In 2017, I went to India for the third time since I immigrated to Canada. Unlike the previous occasions, when Mahrukh and Che accompanied me, I was alone. Durga joined me a little later because she wasn’t sure her 55-year-old son could take care of himself.
I've lived a lifetime in Bombay - 46 years to be precise -
and I thought I've had enough when I decided to abandon it for Toronto in 2008.

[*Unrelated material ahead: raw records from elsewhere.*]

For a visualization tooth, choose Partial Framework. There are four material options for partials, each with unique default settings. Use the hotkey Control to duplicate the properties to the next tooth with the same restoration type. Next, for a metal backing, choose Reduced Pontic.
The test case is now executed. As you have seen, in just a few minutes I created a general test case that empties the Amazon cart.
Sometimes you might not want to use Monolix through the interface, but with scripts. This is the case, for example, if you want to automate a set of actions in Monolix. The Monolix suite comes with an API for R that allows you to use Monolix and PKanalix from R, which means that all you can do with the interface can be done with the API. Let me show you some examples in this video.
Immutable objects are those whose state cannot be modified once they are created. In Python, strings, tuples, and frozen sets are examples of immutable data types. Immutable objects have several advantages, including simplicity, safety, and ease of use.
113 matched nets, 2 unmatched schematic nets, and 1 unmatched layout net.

I've yearned for it almost constantly during the last decade that I've made
Toronto my home. Every time I've returned for a brief visit, I've felt
besieged, assaulted by the unending chaos that the city has always been. But
I've always wanted to return, and have been sad that I couldn't return sooner
and more frequently.
In 2017, for the first time, as I bid farewell to my home
and return to another home, I felt relieved, happy to be back with Mahrukh and
Che. In the last nine years, Bombay had changed, and so had I. My city and its
people, while familiar, were less relevant to my life. To my friends, I was a
person from their past. They had to extract time from their present to
reacquaint themselves with their past.
That didn’t just require an adjustment
of their calendar, it required a mental adjustment that wasn’t always easy.

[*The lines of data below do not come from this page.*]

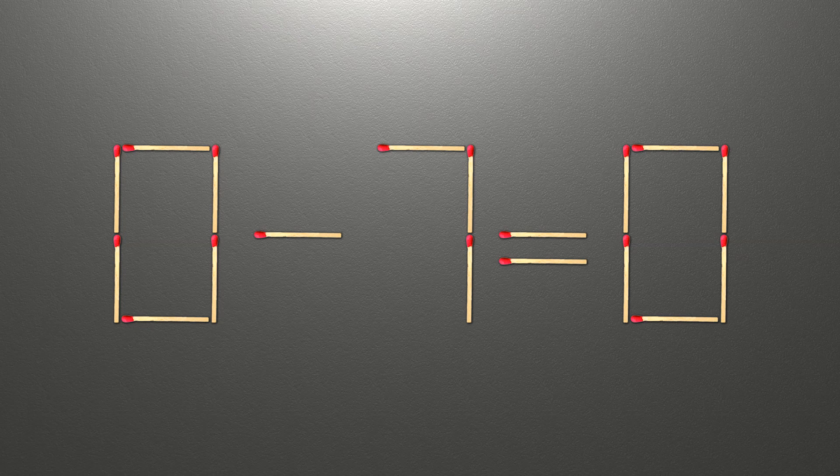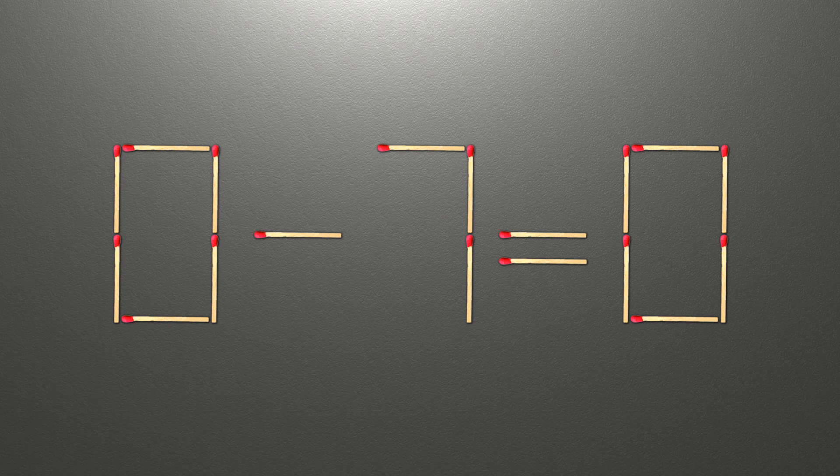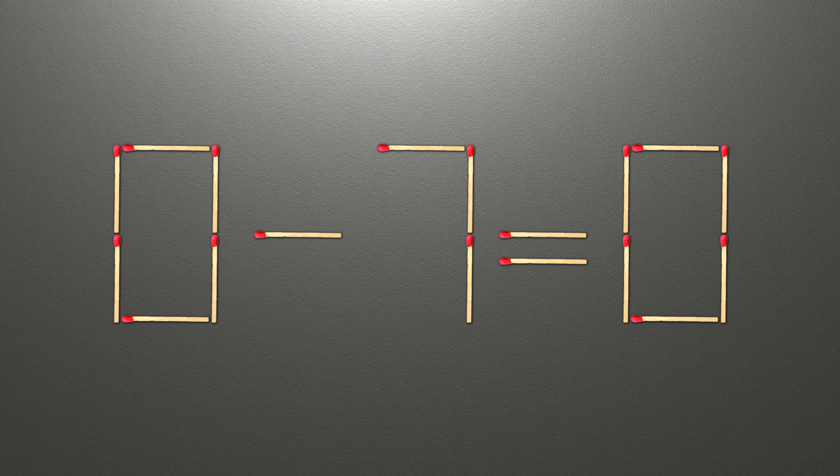Hello! We have the equality 8 minus 8 equals 8. Our equality is wrong. We need to move one match to make our equality correct.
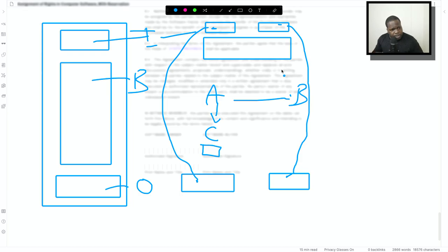Are we clear about that? So that's technically how it works. Let's look at how it looks like.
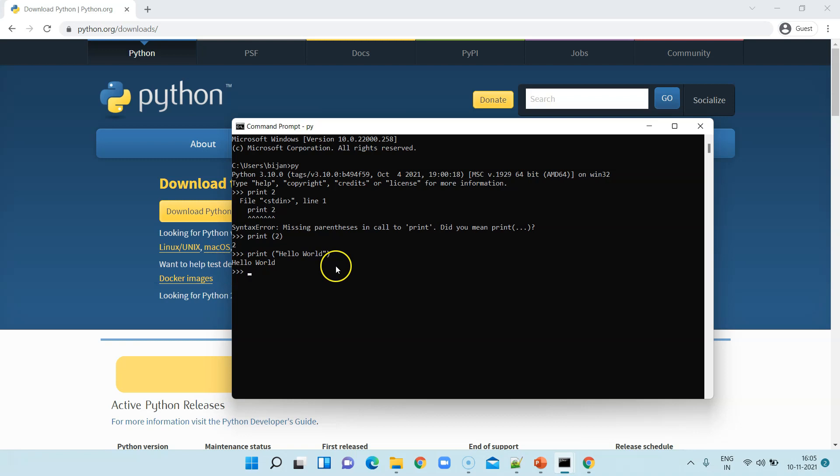That's how simple Python is, as you can see. We are going to learn a lot more of Python coding before we jump into setting up Selenium WebDriver with Python.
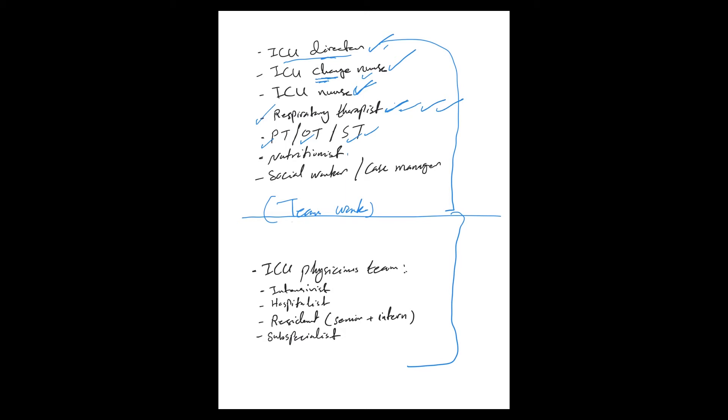Then nutritionist and/or dietitian to help with the critically ill nutrition. Then social worker and case manager to help with overall patient care and arrangements for the discharge process eventually or decision-making process and all of those issues.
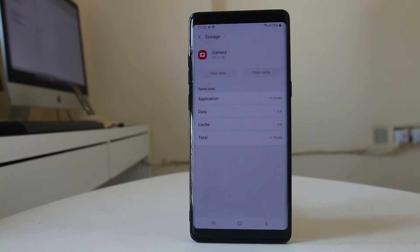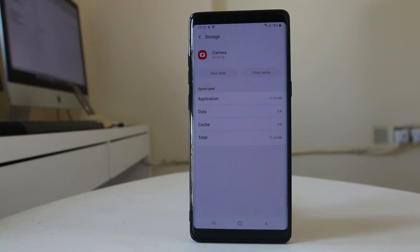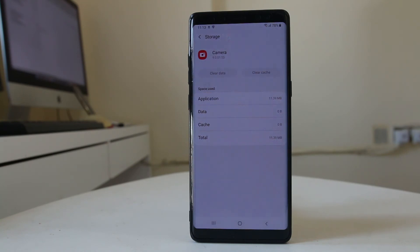If the camera app still does not work, try using the camera through other applications such as Skype or any app with video calling features. If those applications also cannot access the camera, then the camera hardware of your Android device may be damaged. In that case, take your device to a service center to have the camera replaced.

On every trip that I have made to Bombay, I remember Salman
Rushdie’s essay Imaginary Homelands (in Imaginary homelands, Essays and
Criticism 1981-1991, published in 1992). Although he is describing the angst of
a writer, its every Indian in the diaspora’s emotion when returning home.

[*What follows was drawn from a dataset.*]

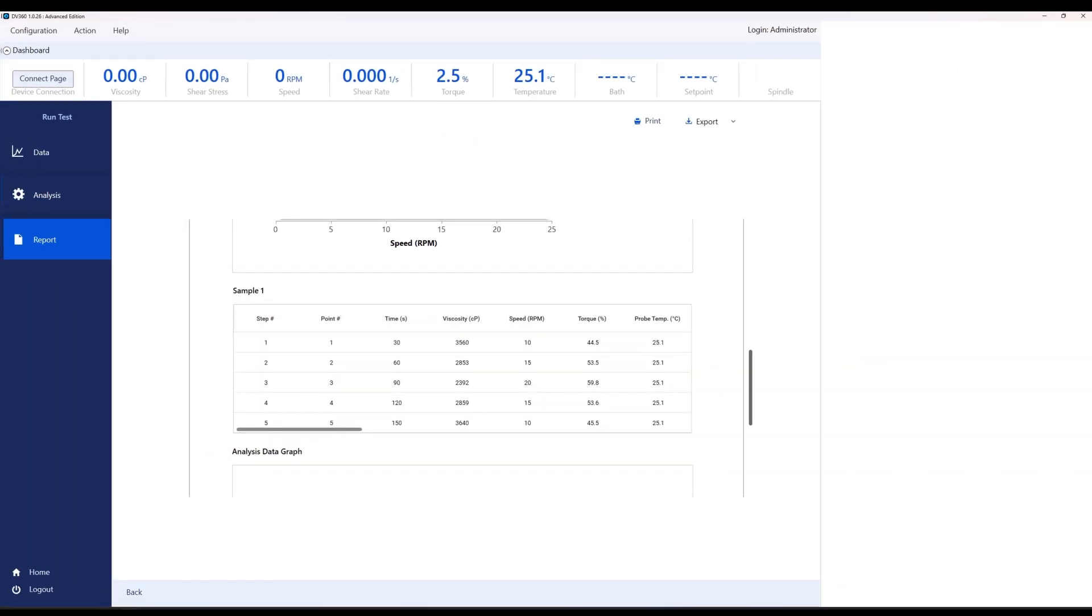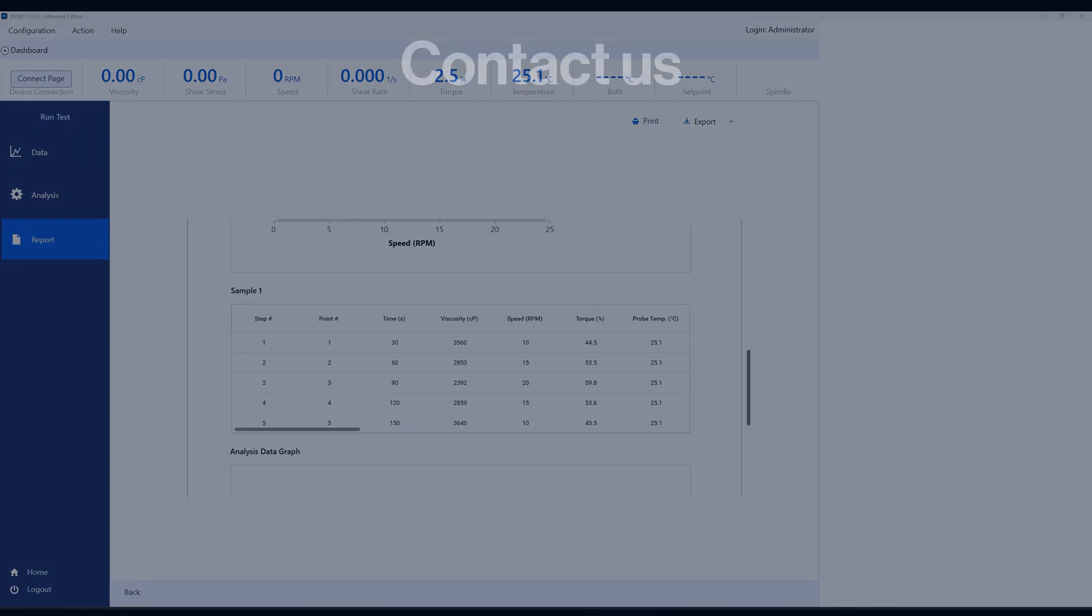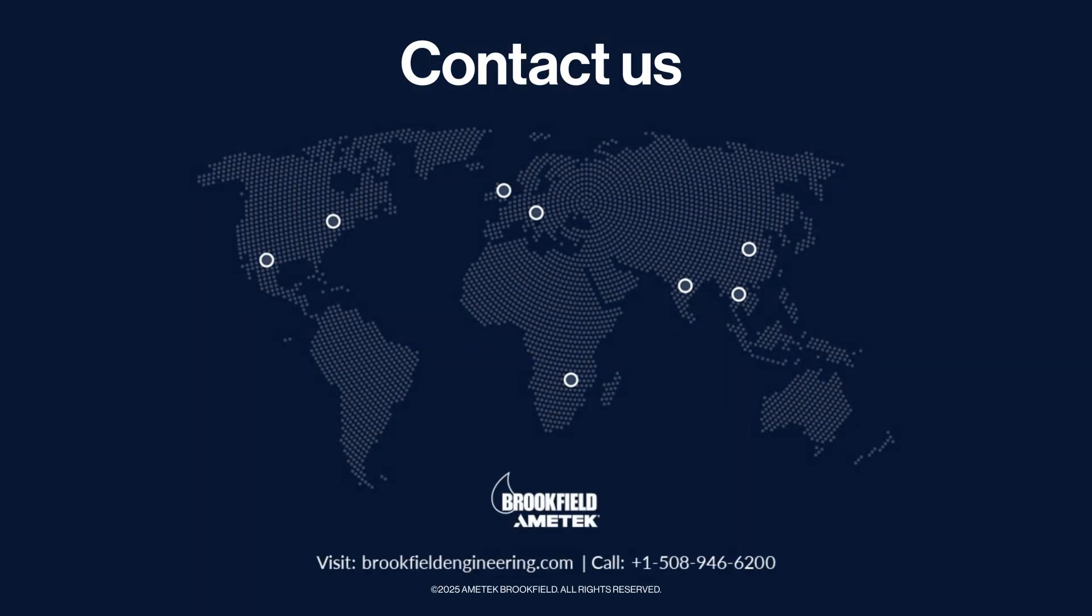And that's how you run a simple viscosity test using the DV360 software. Thank you for watching. If you have any questions, please feel free to contact our Brookfield support team. Happy testing.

Rushdie observes, “Writers in my position, exiles or
emigrants or expatriates are haunted by some sense of loss, some urge to reclaim,
to look back, even at the risk of being mutated into pillars of salt. But if we
do look back, we must also do so in the knowledge – which gives rise to
profound uncertainties – that our physical alienation from India almost
inevitably means that we will not be capable of reclaiming precisely the thing
that was lost; that we will, in short, create fictions, not actual cities or
villages, but invisible ones, imaginary homelands, Indias of the mind.”
O—O—O—O—O—O—O—O
Creativity is subjective and it constantly changes. In 2017,
I was fortunate to see creativity at its peak in diverse fields – theatre,
arts, cinema, literature. In retrospect, I realise that 2017 was the last year
when I was able to actively take part (always as a member of the audience) in such
creative endeavours. My kidney disorder began to impede in my desire to be
everywhere. Although there were no physical manifestations of my illness; it
sure was mentally debilitating.
One the most awe-inspiring art performances was ‘Breaking
the Waves’ by Daisuke Takeya, the -Canadian artist of Japanese descent that my
friend Yoko Morgenstern introduced me on one of her visits to Toronto. I
interviewed Daisuke on my show on TAG TV (it was one of the last interviews
that I did).

To read about Daisuke’s exhibition, click here: Breaking
the Waves.


Shakespeare in the Park began in New York more than six
decades ago. Since we came to Toronto and I learnt that Toronto had its own
version of community theatre experience, I was keen to experience it firsthand.
However, circumstances prioritize life, and we couldn’t find time to go to Toronto’s
High Park to see a Shakespeare play. Finally, after determination and planning,
I managed to reserve tickets for King Lear (actually, Queen Lear; read about it
here: Shakespeare
in the Park). I was pleasantly surprised to see my friend Joyce Wayne’s
daughter Hannah was enacting the role of one of the daughters – Regan.